Thursday, April 27, 2006

Cynthia McKinney, the true voice of Courage and Integrity in Washington

The singling out of Georgia's Rep. Cynthia McKinney for the sins of demanding a sane and even handed foreign policy in the Middle East, for questioning the war in Iraq, and for having been first to demand an investigation into what the government knew or should have known prior to the attacks of September 11, 2001 continues. So does the telling silence of established black leadership including most of the Congressional Black Caucus. Thankfully, there are exceptions. BC received the following communication last week from Dr. E. Faye Williams, Esq., Chair of the National Congress of Black Women.

Like Cynthia McKinney, I am a Black woman who has withstood many indignities – racial and otherwise. But as Maya Angelou says, "Still I Rise." I know that Cynthia will rise from this, too. Many Black women I know join me in standing with Cynthia for responding in a way that many of us often want to when we get so tired of racism, sexism and all the other garbage other women don't have to endure.

Whatever anybody else thinks of Cynthia, I love her for what she has done for the peace movement, for progressive politics, for standing firm even when others disagree with her, and just for being a beautiful and courageous human being.
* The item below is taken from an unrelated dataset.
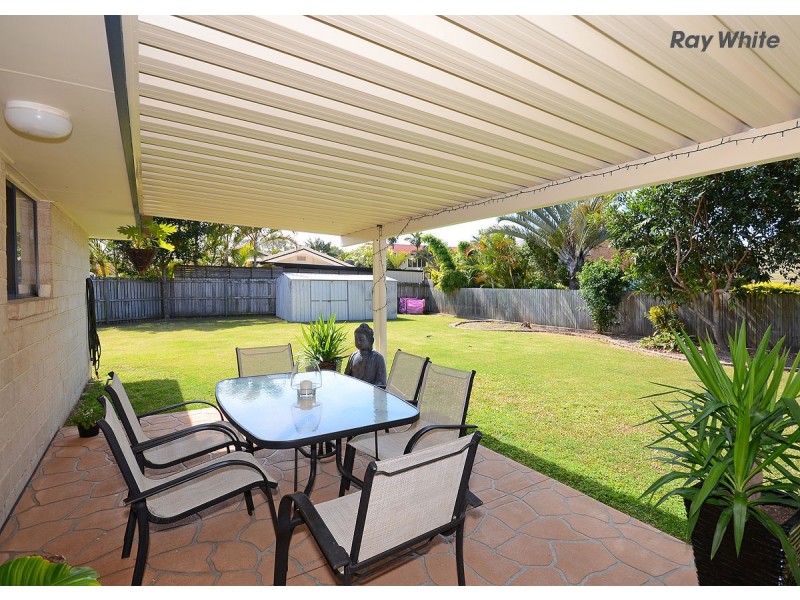 15 Turnbull Court, Urangan QLD 4655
I know Cynthia. I know her family. She's my neighbor, and I call her a friend, so even if she did one thing that some may see as wrong, she is still a wonderful person who is not afraid to stand for what she believes is right.

Not one of us is perfect. Show me a Member of Congress who has not done something that at least somebody thought was wrong, and maybe then, I will listen to that person criticize Cynthia and tell me why I should desert my sister because of a little turbulence caused by a system she did not create.


Tell me no other Member of Congress has walked into congressional buildings without a lapel pin, or rushed in to vote without showing any type of identification! I've worked there and I know better. Cynthia is one of the most recognizable Members of Congress, so by no means will I buy the fact that an officer who works there would not know who she is.

It doesn't matter what the Grand Jury decides or what anyone else thinks of her, Cynthia McKinney is a woman who is widely known around the world, much loved and highly respected – and no incident like the one here that's been so blown out of proportion BECAUSE SHE IS CYNTHIA MCKINNEY will ever change that.


Dr. Williams has it about right. Everyone has a certain amount of good credit to exhaust, and Rep. McKinney's record of public service has earned her more than most. She has also earned the unremitting hostility of the establishment media who have knowingly lied about much bigger things than what did or didn't happen at a Capitol Hill checkpoint.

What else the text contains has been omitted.